When my eyes lifted to see more than my own narrow slice of the world, they landed on  protests in New York, continued unrest in Ferguson, dismal predictions on climate change and the one that left me particularly sad, starvation used as a weapon and no one to stop it.

But then I read one of my favorite Pema Chodron quotes in class tonight. I realized, in times like these, I might need to read it every day. I get so caught up in my own little dramas that I forget about the butterfly effect; how the energy I am putting out contributes to the real drama, the one playing out on the world stage.

I might not be able to figure out how to get more resources contributed to the World Food Program, or how to ensure insidious racism is eradicated from our justice system, but I can control my reactions to the people and things with which I come in contact. I didn’t do a very good job of it this week, but, as always, Pema provided the right inspiration.
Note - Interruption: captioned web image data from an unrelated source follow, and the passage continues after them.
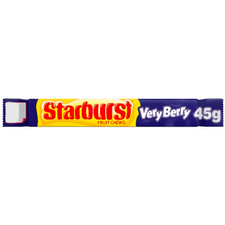 Retail Pack Starburst Very Berry Fruit Chews 24 x 45g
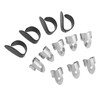 12Pcs Guitar Finger Pick Bass Thumb Protector Instrument Accessory Set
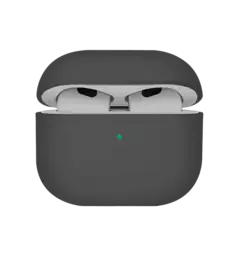 Чохол UNIQ Lino для AirPods 4 Silicone ash grey (UNIQ-AIRPODS(2024)-LINOGRY)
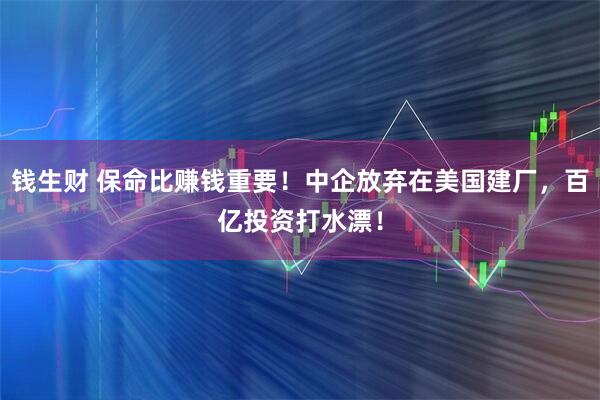 钱生财 保命比赚钱重要！中企放弃在美国建厂，百亿投资打水漂！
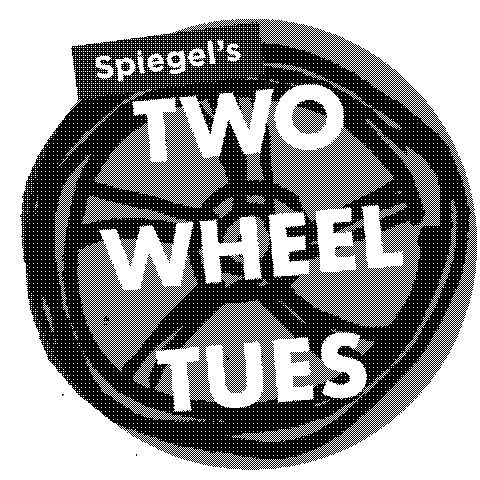 Two Wheel Tuesday Sticker by Motoveli Motorcycle Zine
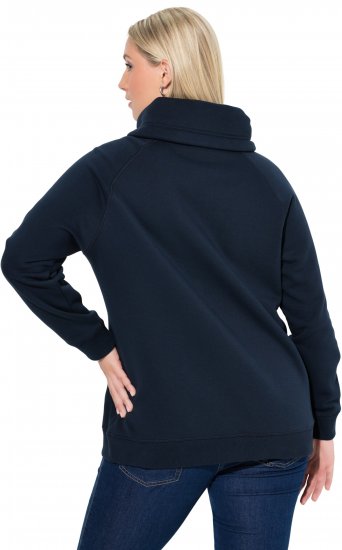 Ulla Popken Rhinestone Snowflake Turtleneck Sweatshirt Navy - Puloverji & jopice - 
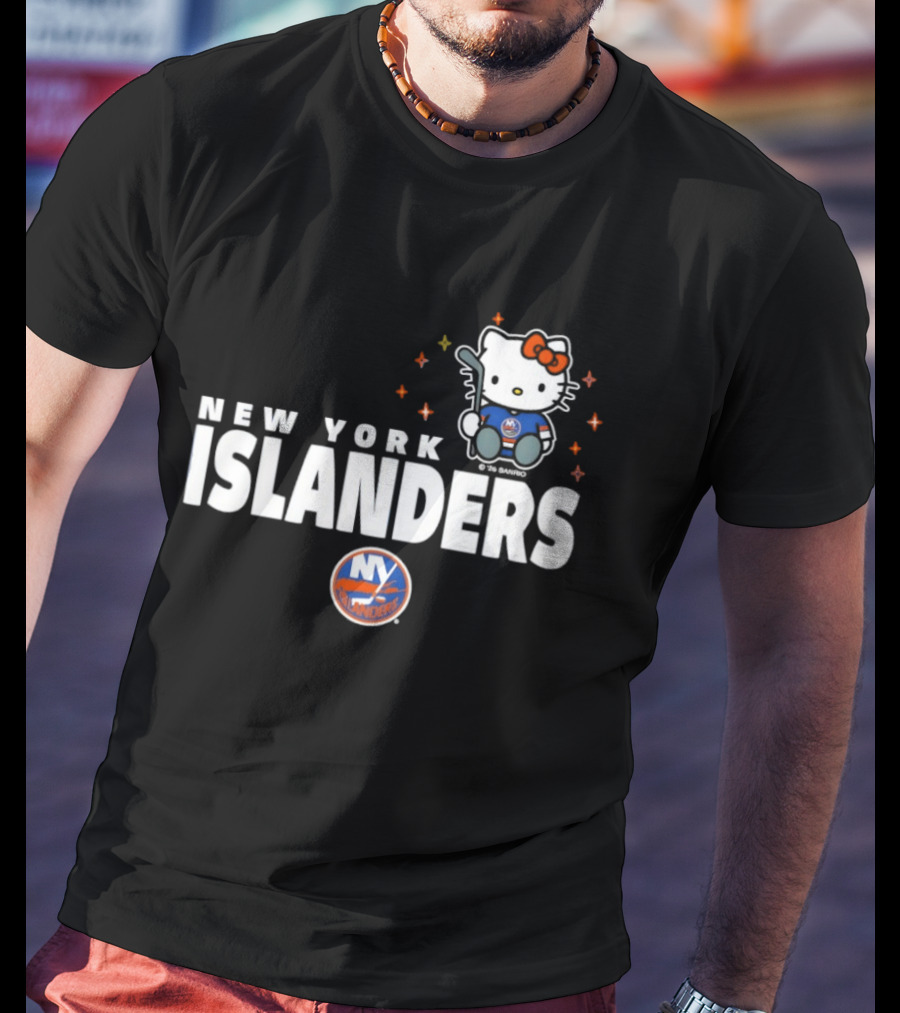 Hello Kitty New York Islanders NHL Hockey Crossover 2026 Winter Sports T-Shirt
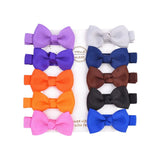 Cute Mini Bowknots Hair Clips For Baby Girls Colorful Ribbon Boutique Barrettes Hairpin Headwear Kids Hair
A Native American grandfather was speaking to his grandson about violence and cruelty in the world and how it comes about. He said it was as if two wolves were fighting in his heart. One wolf was vengeful and angry, and the other wolf was understanding and kind. The young man asked his grandfather which wolf would win the fight in his heart. And the grandfather answered, “The one that wins will be the one I choose to feed.” So this is our challenge, the challenge for our spiritual practice and the challenge for the world—how can we train right now, not later, in feeding the right wolf? How can we call on our intelligence to see what helps and what hurts, what escalates aggression and what uncovers good-heartedness?…It is time for each of us in our own lives to take the leap and do whatever we can to help turn things around. Even the slightest gesture toward feeding the right wolf will help.”